Élections municipales et cantonales à Chèvres. Mes copains écolos me demandent de figurer sur la liste des Verts, pourquoi pas ? Leur programme, où le réalisme s'allie à la générosité, est celui dont je me sens le plus proche. J'admire la compétence et le dévouement de nos candidats, leurs qualités humaines. Il en faut, de la compétence : le moindre dossier, même local, est d'une complexité effarante.
Tout ce que je demande : ne pas être en position éligible...
En avril, on relira des anciens (Hugo, Flaubert...), on lira des modernes. On écrira et traduira en vers. On écoutera de la musique, on ira au cinéma. Les élèves noteront leurs profs sur Internet — le monde à l'envers ! On reparlera de la collection grecque sur publie.net.
(réponse sur le numéro de la citation...)
Le plaisir qu'on reçoit de la louange n'est pas égal à la peine que fait la critique. On prend l'une pour un compliment, et l'autre pour une vérité.

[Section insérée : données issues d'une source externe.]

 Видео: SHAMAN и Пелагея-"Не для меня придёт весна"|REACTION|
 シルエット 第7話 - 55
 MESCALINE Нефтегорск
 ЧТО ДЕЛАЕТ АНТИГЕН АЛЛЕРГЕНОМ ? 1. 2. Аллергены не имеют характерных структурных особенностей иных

Lire un propagandiste est aussi ennuyeux que dîner avec un végétarien.
Seul, on finirait par devenir modeste.
Béliers, quelle que soit la position des astres je ne vois rien de bon pour vous, pauvres débiles.

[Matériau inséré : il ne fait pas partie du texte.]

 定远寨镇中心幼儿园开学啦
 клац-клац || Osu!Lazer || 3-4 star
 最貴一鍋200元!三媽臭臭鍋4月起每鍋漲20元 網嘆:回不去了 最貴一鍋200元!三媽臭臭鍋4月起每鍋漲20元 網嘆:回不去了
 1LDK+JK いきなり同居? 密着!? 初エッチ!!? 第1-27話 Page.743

Au fait, avez-vous des enfants ? Si oui, c'est L'encyclopédie des bébés de D. Goossens qu'il vous faut, ouvrage de référence, insurpassable. Si non, achetez-la tout de même, pour savoir ce que vous manquez ; puis, l'absence de rejetons vous laissant du temps pour lire, ajoutez ses autres albums, Panique au bout du fil ou Le messie est revenu (tout ça chez Fluide glacial) ou encore plein d'autres que je n'ai pas encore eu le temps de savourer. Vous trouverez chez Goossens la plus haute spiritualité jointe à un sens aigu de... de... Je ne trouve pas les mots. Goossens, ça ne se décrit pas, ça se prend dans la gueule.